# Warm Laundry!



## Bibu (Jun 3, 2010)

I think its really funny that when I come from the laundry room with the big white basket, Bibu goes crazy and starts running in circles. As soon as I set it down, he jumps right in! I guess he loves the warm laundry. Then again, who doesn't?!?!


----------



## Aarianne (Jul 22, 2005)

That's so cute. :wub:


----------



## Katkoota (Feb 18, 2006)

awwwwwh :wub: look at that face :wub: he SURE look like he loves it ^_^ too cute for words!


----------



## silverhaven (Sep 6, 2009)

Awww! what a cutie face :wub: Warm laundry is lovely though. Smells so good too


----------



## Bailey&Me (Mar 8, 2010)

Awww that's adorable! Bibu is SO cute!!! I don't blame him...I love fresh, warm laundry too!

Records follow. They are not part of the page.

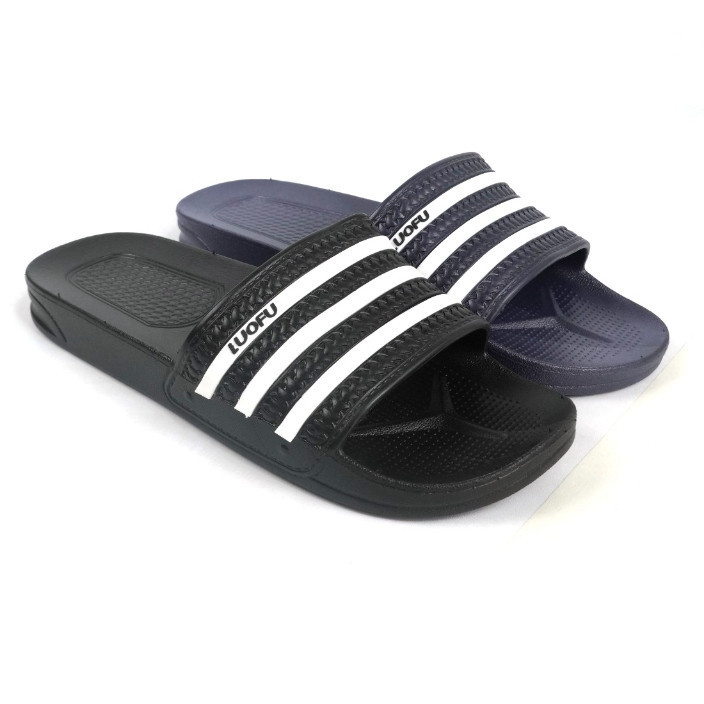 LUOFU ORIGINALS  Sandal Jelly Karet Pvc Pria Kokop Motif Garis Putih F1106K1 [D00]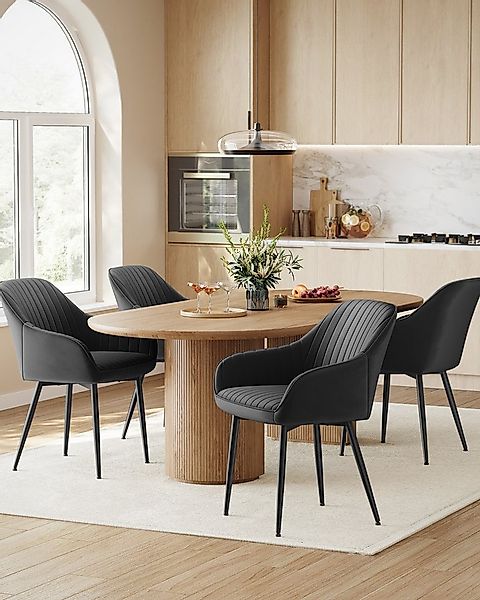 SONGMICS Esszimmerstuhl (6 St), Polsterstuhl mit Metallbeine, Samt, für Sch günstig online kaufen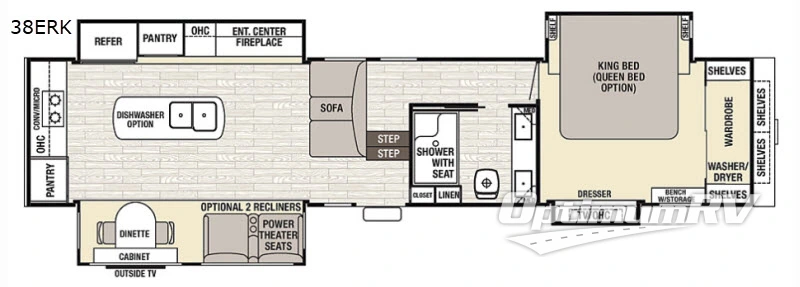 2018 Forest River Cedar Creek Champagne Edition 38ERK Floorplan Photo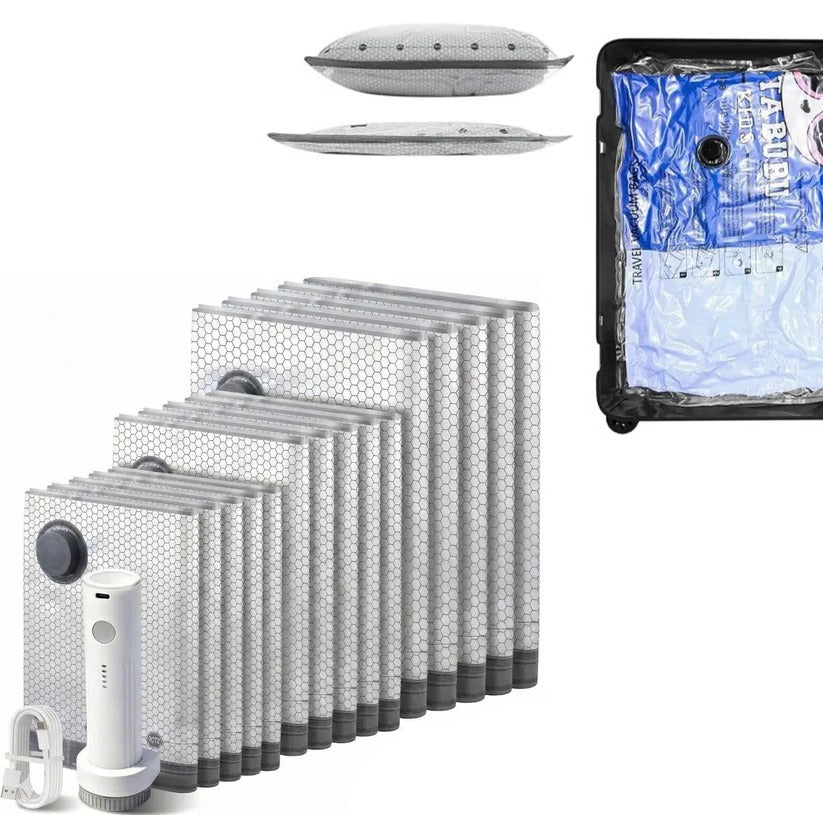 Cordless Vacuum Compression Bag Set with Hand Pump for Travel, 15 Piece
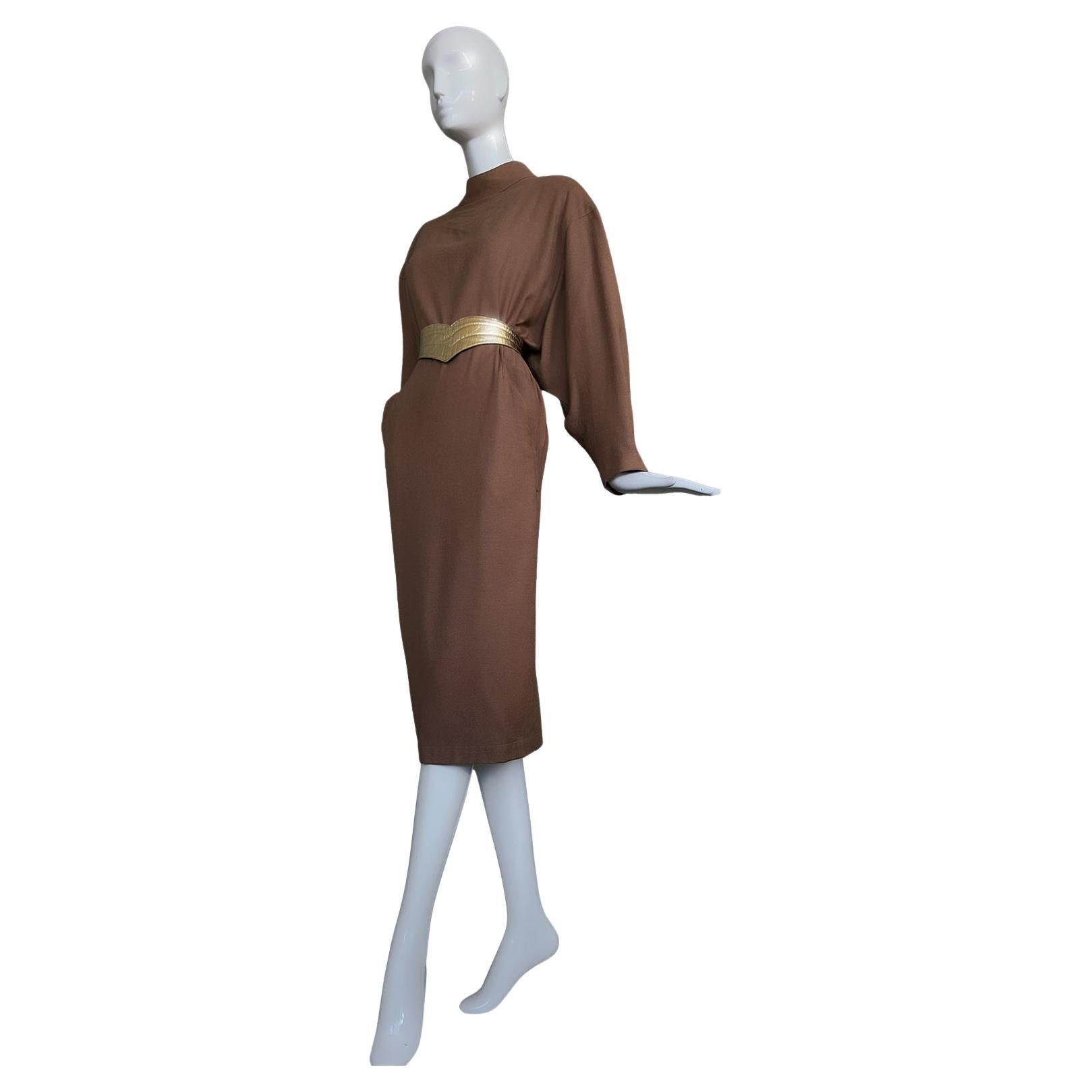 Rare Thierry Mugler FW 1984 Winter of the Angels Dress Wool For Sale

Bailey looooves to sit on my freshly ironed clothes...:huh: Whenever I iron something and make the mistake of laying it out on the bed (which I usually do) Bailey runs and plops down right on top of it!


----------



## Lacie's Mom (Oct 11, 2006)

So cute.


----------



## Snowbody (Jan 3, 2009)

So Bibu likes warm, CLEAN laundry.:thumbsup: Tyler's the opposite. Give him some stinky, old laundry :new_shocked::new_shocked: and he dives right in. :w00t: That's my boy. :smilie_tischkante:


----------



## harrysmom (Sep 28, 2007)

Awww... such a cute picture and such an adorable baby!!!


----------



## uniquelovdolce (Mar 10, 2010)

bibu is too cute , but dolce is just like tyler , he loves dirty clothes:HistericalSmiley:


----------



## Hunter's Mom (Dec 8, 2008)

Snowbody said:


> So Bibu likes warm, CLEAN laundry.:thumbsup: Tyler's the opposite. Give him some stinky, old laundry :new_shocked::new_shocked: and he dives right in. :w00t: That's my boy. :smilie_tischkante:


I think Hunter prefers dirty laundry to clean as well.


----------



## mommatee (Jul 20, 2010)

Yep - Chloe loves dirty laundry too! Especially panties! We have to be very careful, because if she gets ahold to any, she takes off with them to the living room - but she can care less if we have company over.

:blush:


----------



## Bibu (Jun 3, 2010)

What dirty little girls and boys we have here on SM!!!! hehehe!!! I have to say that everytime I take the laundry out of the baskets to sort it, Bibu runs away with whatever he can catch. Sometimes I leave it sorted in separate baskets in the laundry room and he sneaks in there and pulls out undies, briefs, bras....you name it! Its pretty embarassing if someone is over! 
I think he really appreciates the warm laundry because we've never lived in a place with such harsh winters. He is excited to warm up in the fresh load of laundry!


----------



## gopotsgo (May 21, 2009)

LOL, love it! My girls enjoy sitting on and getting in the way when we fold the laundry from the dryer as well. Audrey loves it the best, here is a pic of her. Please excuse the unmade bed, I figure I'm just going to mess it up again, LOL! Thankfully they never steal anything. They just like sitting on the neat pile we are making :smilie_tischkante:


----------



## gibbert (Jan 13, 2005)

precious little fella! <3


----------



## Canada (Jun 4, 2009)

I need help with sorting my laundry,
can you please send Bibu over?


----------



## aprilb (Jul 9, 2010)

How sweet!:wub:


----------



## Maglily (Feb 3, 2009)

how cute! my cat used to love warm laundry but she was too cool to dance around. and she'd growl if I tried to take anything from the basket.


----------